It's a long story that I won't bother you with but I've basically got to do some action-heavy sound design (hand-to-hand combat, etc) in a room that:

  • is almost completely bare (no furniture, just basic appliances)
  • has tiled floors
  • bare walls
  • is really reverberant right now
  • is rectangular
  • is roughly 27 feet in length and 12 feet in width

There's virtually no padding at all in here.

I have a pair of nearfield monitors (KRK Rockit 5's) and speaker stands but no acoustic foam.

I realize this is basically about the worst setup possible for clear mixing but it's what I've got.

There are a few smaller rooms, a hallway and a bathroom as well - also all empty. Maybe I could set up in there? I mean, the hallway is probably 5.5 - 6 feet in width and i could stack a few queen size mattresses on either side around me and a twin mattress in the back to create a little enclosure.

Also, I was thinking of stacking a few mattresses around me, up against the wall. Maybe hanging some blankets as well. If I HAD to, I could probably create some kind of enclosed space around me just by hanging blankets over various lamps and such.

Options?

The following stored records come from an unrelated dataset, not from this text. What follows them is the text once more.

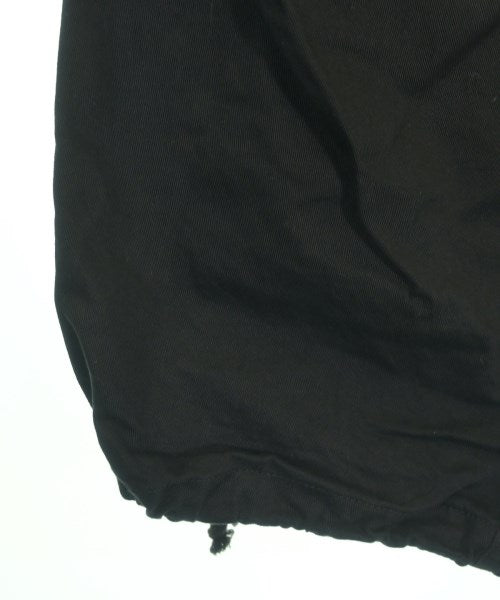 Y's for men กางเกงมีกระเป๋าข้างกางเกง2-4 กระเป๋า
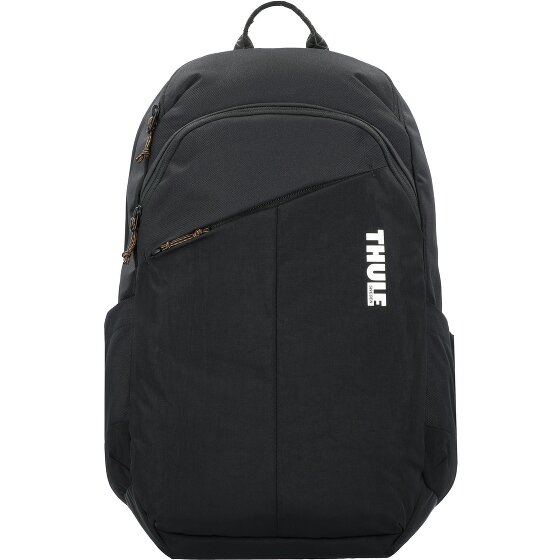 Thule Exeo backpack 46 cm laptop compartment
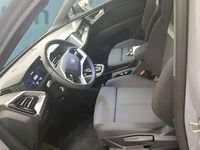 Gebraucht Audi Q4 e-tron 150 kW (204 PS) 2025 Grau SUV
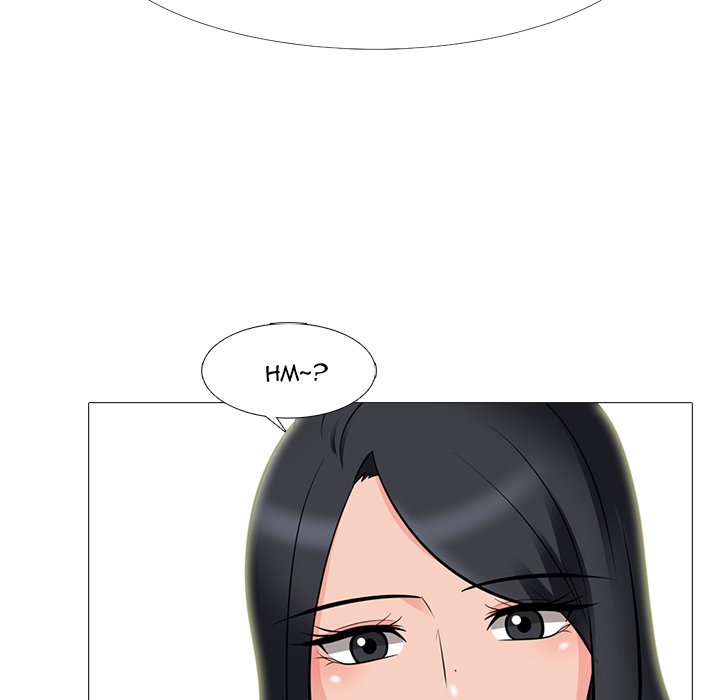 image-komik-extra-credit-chapter-85-89/120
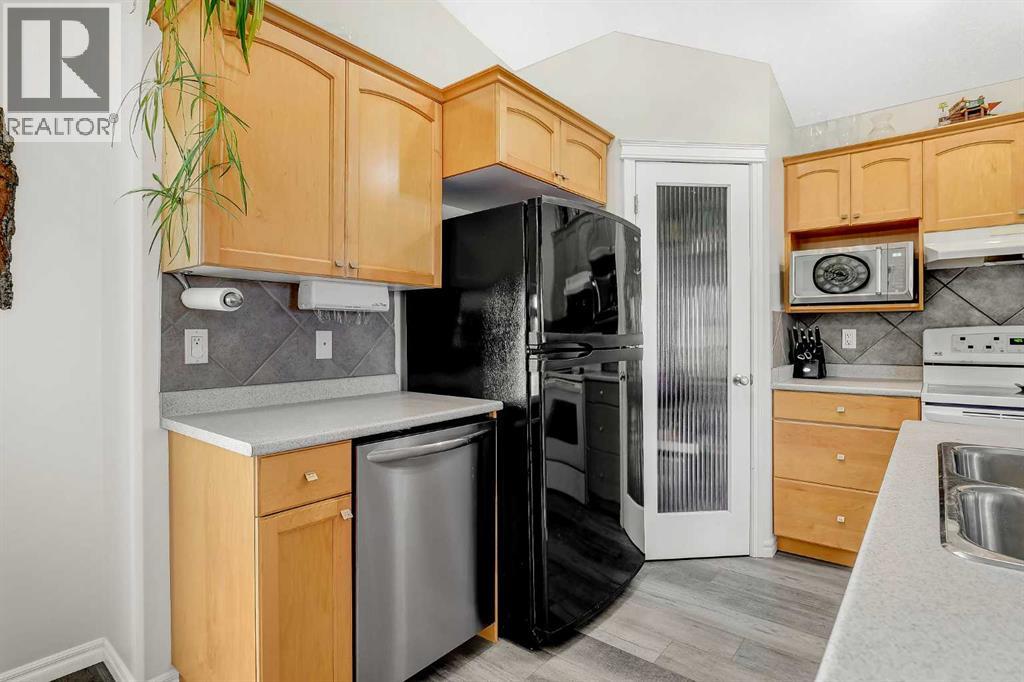 8214 115a Street, Grande Prairie, Alberta  T8W 2R1 - Photo 12 - A2303739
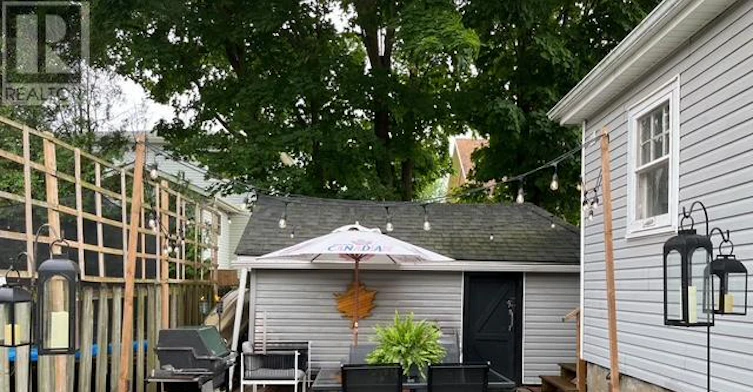 196 Queen Street W, Centre Wellington, ON, N1M 1S7 - 3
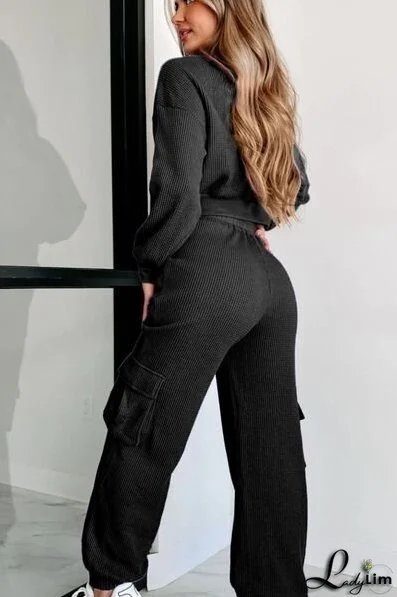 Elegant and Casual Tank top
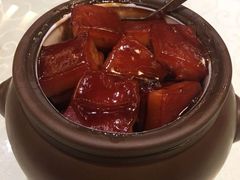 -无名居(西直门总店)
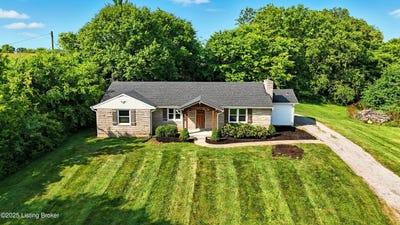 /international/us/6183-fisherville-rd-simpsonville-ky-110101005832/?lang=zh-cn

Thoughts?

3 Answers 3


Headphones. You will sacrifice dynamics but considering the sound of the room, it may be worth it. How many mattresses? Anything less than 5cm thick will only tackle high frequencies.. Record a slow sine sweep or pink noise then look at your room modes. You might get away with corrective EQ? Nothing will help the flutter other than wall treatment or throwing a sofa in there..

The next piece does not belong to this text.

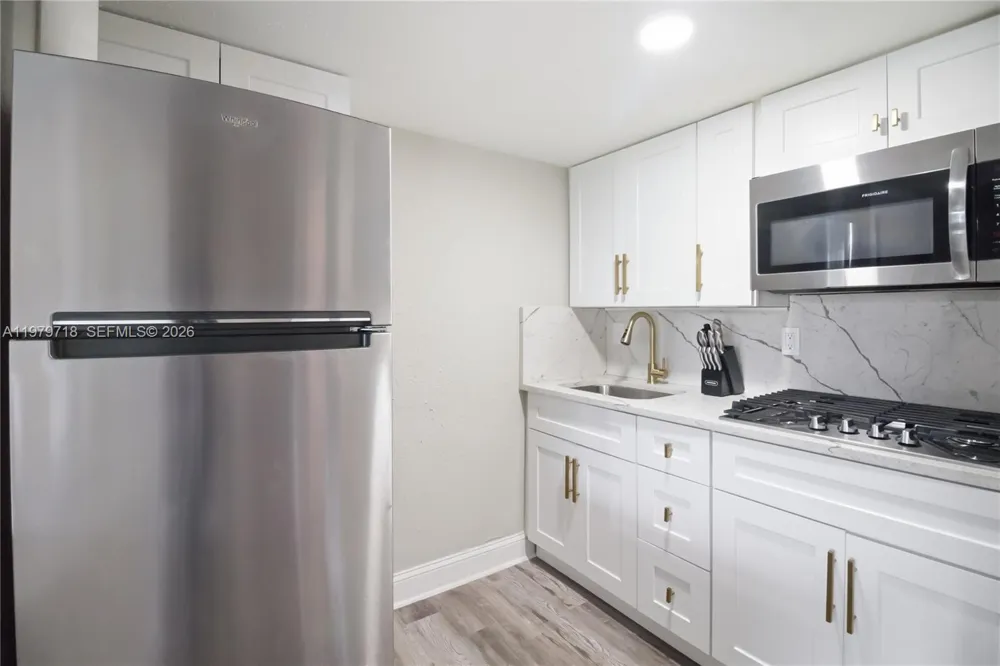 127 Oyster Bay #110 Other City - In The State Of Florida, FL 32701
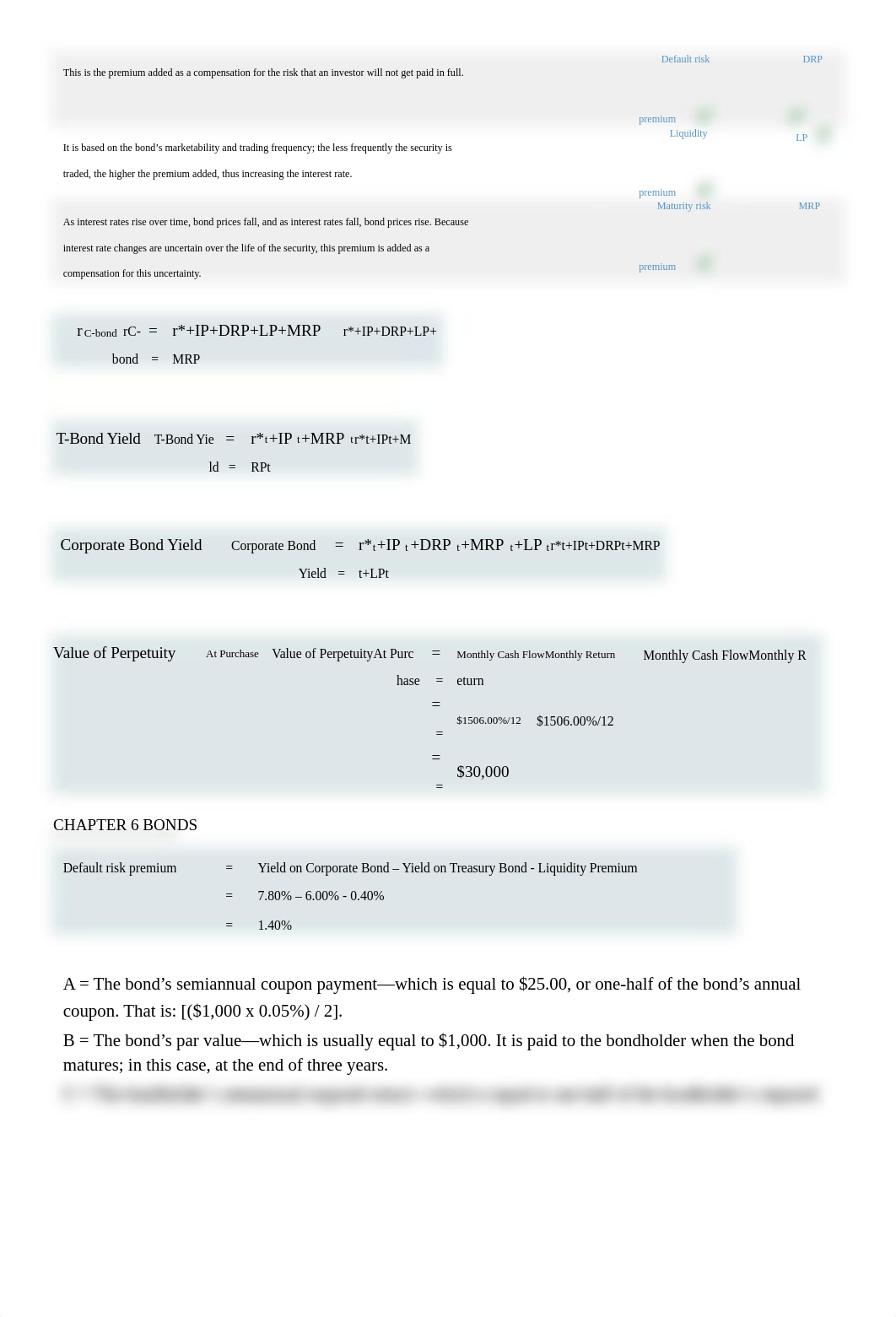 BFIN notes for exam 2.docx_dg4jig6hq9t_page2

  • Any recommendations on which headphones to use?
    – parametric
    Sep 24, 2013 at 0:37
  • 2
    spend some time on this site..
    – georgi
    Sep 24, 2013 at 0:39

How about trying, if you could use sound effects libraries?

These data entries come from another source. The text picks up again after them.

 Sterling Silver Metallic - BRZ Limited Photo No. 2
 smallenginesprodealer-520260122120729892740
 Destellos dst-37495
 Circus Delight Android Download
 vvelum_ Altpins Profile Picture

Or go outside to record (somewhere where traffic or environmental noise wouldn't be much of a problem)?

Or then record inside but so that the reverbation doesn't sound nasty. Or it can be cut out by fading out the tails of the sounds. You can record sound effects in non-treated rooms, but you need to pick the places well by trying where it sounds okay and fade out / gate out the tails if they're too reverbant.

  • Well, I don't have to do any recording - so that's a non-issue. I just have to create a SFX stem for a 1 minute video that's really action heavy. I want to make sure it sounds good.
    – parametric
    Sep 24, 2013 at 0:35
  • Ah well, I misunderstood that you were going to record in the room. But the question was about laying out the soundtrack and mixing. Headphones in that case.
    – mavavilj
    Sep 24, 2013 at 0:42

Old foam mouse mats are pretty good at minimising contact based sound transfer - just put as many as you can between the surfaces you're trying to isolate. Blankets and duvets are pretty good at deadening mid and hf reflections. For lf reflections you really need to look at changing the shape of the room - since you can't change the architecture, scatter tall furniture around at random (don't forget to cover them in blankets and duvets). Adjust the arrangement of furniture if you find a standing wave.